I am strongly, massively in favor of emotional regulation. I think it’s the ultimate skill; I think pretty much everything else flows from it. I think it’s one of the most important lessons to teach children; in fact, it’s so important that if it’s the only thing you teach you’re probably a great parent. I think many parents don’t teach it, and as a result lots of adults don’t know it, so it’s good for everyone.

Because of this stance, many people who interact with me regularly think that I’m anti-emotion; that I’m cold or repressed because I don’t fly off the handle even when things upset me. But nothing could be further from the truth. I think our emotions are incredible; they bring us the joy that makes life worth living. I don’t think we survive despite them; I think we thrive because of them.

But I want you to imagine something for a moment. Imagine a piano, but someone has tampered with it. They’ve gone inside and they’ve taken every string and moved it, so that instead of all 88 being in order they’re essentially random. There’s no correlation between which key you hit and what sound gets made. And every other day or so, this prankster goes inside while you’re sleeping and moves them around again.

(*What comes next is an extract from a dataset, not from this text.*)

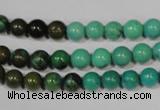 CNT208 15.5 inches 6mm round natural turquoise beads wholesale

No matter how carefully you pressed the correct keys, the piano would never make the sounds you wanted. The beautiful melodies would be replaced by discord.

Emotional regulation isn’t pulling out the strings entirely. It’s putting them back in the right order so that the actions we take produce incredible music, instead of cacophony.

It means aligning our actions and the emotions we want, and understanding how our emotions drive the next action we take. It’s putting ourselves in harmony so that we can enjoy our emotions, rather than letting them torture us until we run from them. It’s turning noise into rapture.

Like playing piano, it takes practice. Like the most beautiful song, it’s worth the effort.